Tuesday, August 04, 2015

Earth: The lonely guy of the universe

There's something pathetic about our frantic quest for extra-terrestrial life and the whiney question, "Are we all alone?"

It goes back to a lunch in 1950 in Los Alamos, N.M., the birthplace of the atomic bomb. The subject was flying saucers and interstellar travel. The physicist Enrico Fermi blurted out a question that has become famous among astronomers: “Where is everybody?” The fact that there was no evidence outside supermarket tabloids that aliens had ever visited Earth convinced Fermi that interstellar travel was impossible. It would simply take too long to get anywhere.
Exactly. Check out the NASA graphic below on the New Horizons spacecraft:

Traveling at 51,000 miles an hour it took more than nine years to get to the edge of our solar system! A great technical feat, but to what end?

When I read about how excited the folks are who are involved in this sort of enterprise, I think, "Sure, it's their field, it's how they make a living." But I also wonder how they get all that money from Congress for these projects, which only seem to end up with some fun Nova documentaries that feature pictures of one dead planet after another. 

But maybe there's life below the surface!
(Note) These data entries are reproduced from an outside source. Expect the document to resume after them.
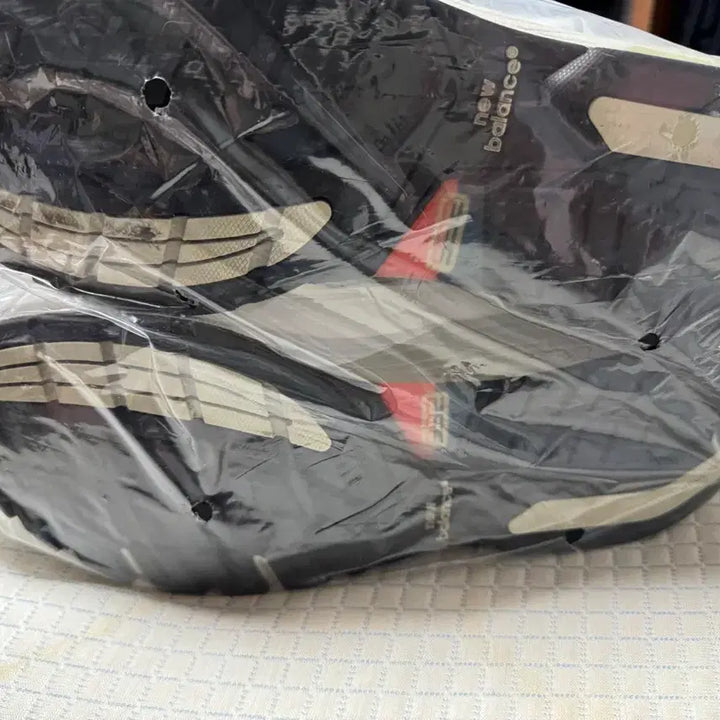 [BUNJANG] New Balance M992EC Sneakers / 뉴발란스 M992EC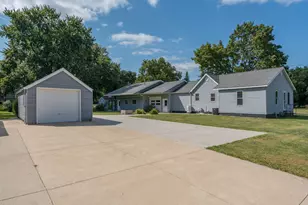 200 Kenzie St, Sherburn, MN 56171 - Photo 30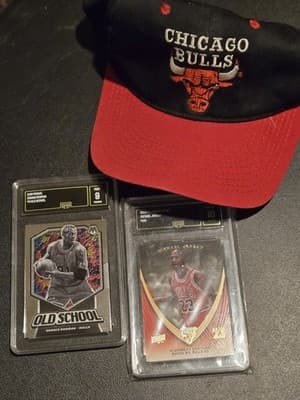 Vintage Chicago Bulls Snapback Hat + Michael Jordan & D.Rodman Graded card Lot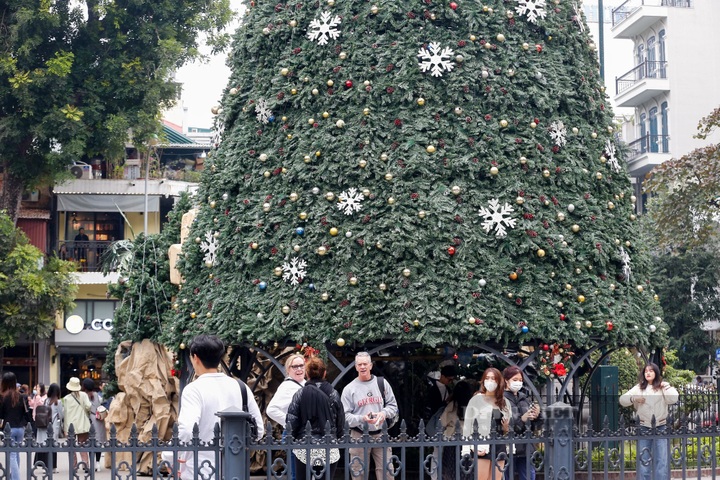 Hanoi church changes “coat” for Christmas - 7 Hanoi church changes “coat” for Christmas - 7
Send another spacecraft to dig up some soil samples!

Nick Bostrom, whose ideas are featured in the story, wrote an amusing paper on this subject:
Now, it is possible to concoct scenarios in which the universe is swarming with advanced civilizations every one of which chooses to keep itself well hidden from our view. Maybe there is a secret society of advanced civilizations that know about us but have decided not to contact us until we’re mature enough to be admitted into their club. Perhaps they’re observing us, like animals in a zoo. I don’t see how we can conclusively rule out this possibility.
That's what I've often thought---that flying saucers are manned by alien grad students doing field work on this primitive planet with its amusing inhabitants. The students are warned not to do any harm to the planet or its inhabitants, though they can abduct us and stick probes up our butts, all in the interests of alien science, you understand.

But Bostrom is a serious guy, so he isn't interested in that kind of speculation. Instead, he discusses what he calls The Great Filter---whatever it is that prevents intelligent life from evolving on other planets, considering the long and unlikely evolution of our own species. Is it behind us or before us? If The Great Filter is still before us---climate change, epidemics, a meteor?---the human experiment is in peril.